Spokes around the pole look a little bit unphysical too.
Was there a strong wind blowing off the west coast of Greenland when the data was gathered, piling up the water against Baffin Island?
How does the satellite account for changes in sea level due to tide between orbits?
I think we should be told.
“”””” Ric Locke says:
December 22, 2010 at 2:30 pm
George Smith –
“Gravitational Level” is technically called “geoid”. “””””
Ric, Thanks for the explan. When you say it is the “theoretical” surface; are you talking from some model theory; or izzat an actual experimental observation; and how do they observe that; they must have some sort of absolute accelerometer; and yes I presumed that such a gizmo, if it exists would read net net net final gees, no matter the components.
And if one actually knew the exact shape of this geoid; isn’t that something one wouldn’t want some people who aren’t too friendly, to know ??
Can they measure it accurately enough say to keep up with all the ocean bottom (and land) volcanism ?
Ed Caryl says:
December 22, 2010 at 2:32 pm
Just in time to watch the ice increase again. I wonder how they will explain that?”
No problem at all. Just like Moonbat et al. are spinning the record snowstorms in the UK into the AGW narrative, they will craft increasing sea ice into that narrative as well. They will claim they’ve predicted it all along ANC that it’s due to warming elsewhere. The hotter areas of the globe cause more evaporation at the poles which removes heat and causes freezing. This creates altered wind patterns across the attic that accelerate the evaporation which causes an ice growth spiral. The hotter it gets, the more ice you get, spiraling put of control. And you can be sure it will be worse than they thought.

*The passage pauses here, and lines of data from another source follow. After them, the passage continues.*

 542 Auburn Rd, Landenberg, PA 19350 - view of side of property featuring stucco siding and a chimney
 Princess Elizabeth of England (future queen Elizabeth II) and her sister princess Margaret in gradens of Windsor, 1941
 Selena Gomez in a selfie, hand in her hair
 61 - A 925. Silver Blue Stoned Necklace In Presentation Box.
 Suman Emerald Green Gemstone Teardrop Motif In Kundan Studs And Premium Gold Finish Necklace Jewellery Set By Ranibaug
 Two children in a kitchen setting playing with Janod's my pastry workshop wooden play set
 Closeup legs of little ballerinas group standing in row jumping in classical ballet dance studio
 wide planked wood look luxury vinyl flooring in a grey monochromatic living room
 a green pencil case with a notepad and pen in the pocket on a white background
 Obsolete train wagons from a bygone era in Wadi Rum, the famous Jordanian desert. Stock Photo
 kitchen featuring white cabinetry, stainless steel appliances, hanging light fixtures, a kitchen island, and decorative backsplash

The following link plots arctic sea ice thickness from 1948 to 2004 using piomas type modeling.
http://psc.apl.washington.edu/zhang/IDAO/retro.html#Satellite_ice
Looking at the graph at the bottom of the page in the above link it is estimated during a twenty five year period from 1950 to 1975 sea ice volume grew by 10 x 10 <12 cu. meters during an period of negative NAO like we have started to see since last year.
http://ioc3.unesco.org/oopc/state_of_the_ocean/atm/nao.php
I suspect the cryostat 2 has already demonstrated significant thickening since last year but are waiting to decide how to spin it. I believe the short arctic summer that allowed sea ice extent almost to reach normal in March is somehow tied to the negative NAO.
I don’t know when that pic was taken, but it doesn’t bode well for ground truth observations. Warmer water expandes and colder vice versa. So could someone explain why the ocean is lower around greenland where the water is the warmest, and highest towards alaska where it’s coldest?
George: It’s a combination of measurements and theory — they measure until they can fit a relatively simple shape. Yes, there are precision gravitometers. Geologists use them all the time, but the usual tool for determining the shape of the geoid is a pendulum, which always hangs normal to the surface of the geoid. Nowadays we can measure the orbits of satellites accurately enough to determine the geoid, so field measurements are still done but are on the way out.
That being the case, it’s pointless to try to keep it any kind of secret. Countries used to have their own theoretical geoids, but once it became possible to do one for the whole world the surveyors of practically every country cooperated. Even during the height of the Cold War, US and USSR surveyors collaborated on calculating the geoid. The last major revision of the world geoid was in 1984 — if you have a GPS you may have seen “WGS-84” in the tech data; it stands for “World Geodetic System”. The heights shown by GPS (and GLONASS) are above the geoid, modified by a database of differences between terrain height and geoid.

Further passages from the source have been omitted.